*** Opening Records to use ***

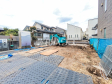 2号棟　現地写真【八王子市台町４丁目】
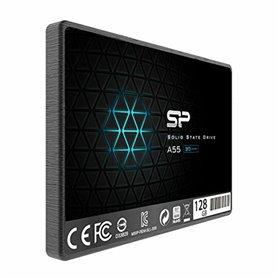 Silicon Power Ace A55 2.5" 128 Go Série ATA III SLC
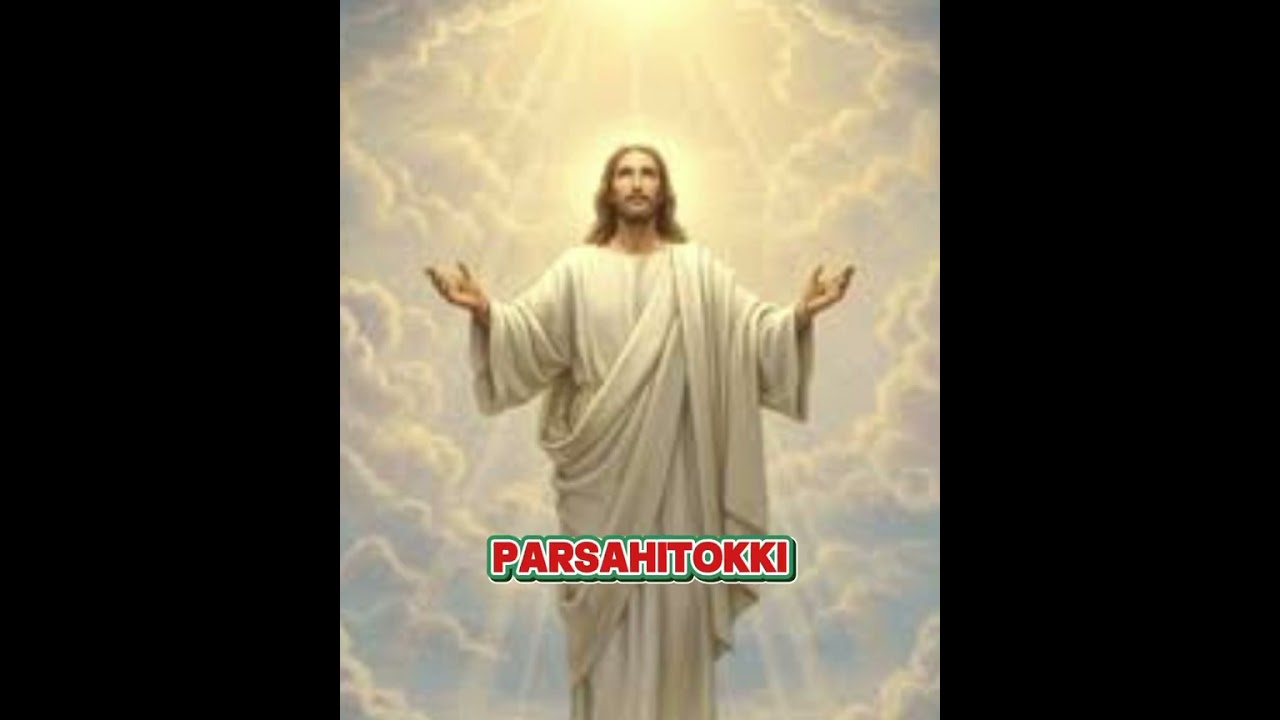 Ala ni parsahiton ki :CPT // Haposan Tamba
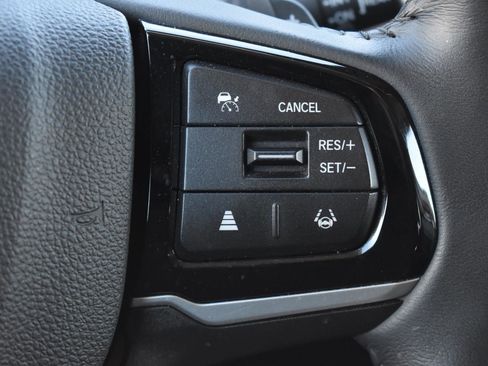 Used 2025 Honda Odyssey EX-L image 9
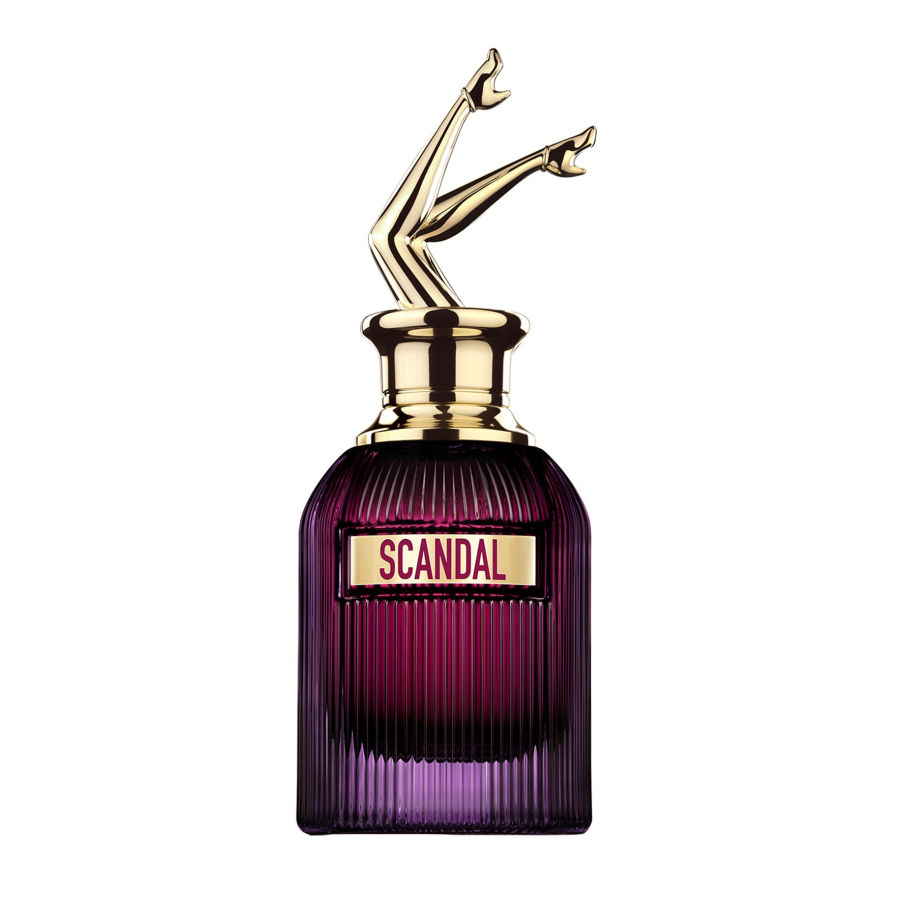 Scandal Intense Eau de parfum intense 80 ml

*** Closing Records to use ***

### Try it
Repeat the full listing above without altering a word, and skip the pictures.

### Result of the task
 2号棟　現地写真【八王子市台町４丁目】
 Silicon Power Ace A55 2.5" 128 Go Série ATA III SLC
 Ala ni parsahiton ki :CPT // Haposan Tamba
 Used 2025 Honda Odyssey EX-L image 9
 Scandal Intense Eau de parfum intense 80 ml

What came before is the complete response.